Saturday, February 6, 2016

Teaching Manliness in China

Today's news from China:
Worried that a shortage of male teachers has produced a generation of timid, self-centered and effeminate boys, Chinese educators are working to reinforce traditional gender roles and values in the classroom.

In Zhengzhou, a city on the Yellow River, schools have asked boys to sign petitions pledging to act like “real men.” In Shanghai, principals are trying boys-only classes with courses like martial arts, computer repair and physics. In Hangzhou, in eastern China, educators have started a summer camp called “West Point Boys,” complete with taekwondo classes and the motto, “We bring out the men in boys.”
The government is trying to recruit more male teachers to lead these masculinity programs.

Partly this is just the macho culture of the Chinese leadership, which is almost entirely male.

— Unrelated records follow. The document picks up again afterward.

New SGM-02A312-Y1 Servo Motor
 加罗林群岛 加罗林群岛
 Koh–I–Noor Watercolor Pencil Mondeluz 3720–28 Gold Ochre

But partly it is driven by fear of a generation of lazy, video-gamed obsessed boys, and in yet another part it is a response to the discovery that Chinese boys are lagging behind girls academically, as in most of the world.

1 comment:

G. Verloren said...

This will probably work about as well as China's anti-religious measures have - that is to say, not well at all.

It might produce the superficial appearance of general conformity, and might even have the desired effect on a certain predisposed portion of the population, but it will also reinforce and entrench an underground counter culture of resistance.

This is the institutional equivalent of driving tanks into Tiananmen Square, and it will engender an equivalent response.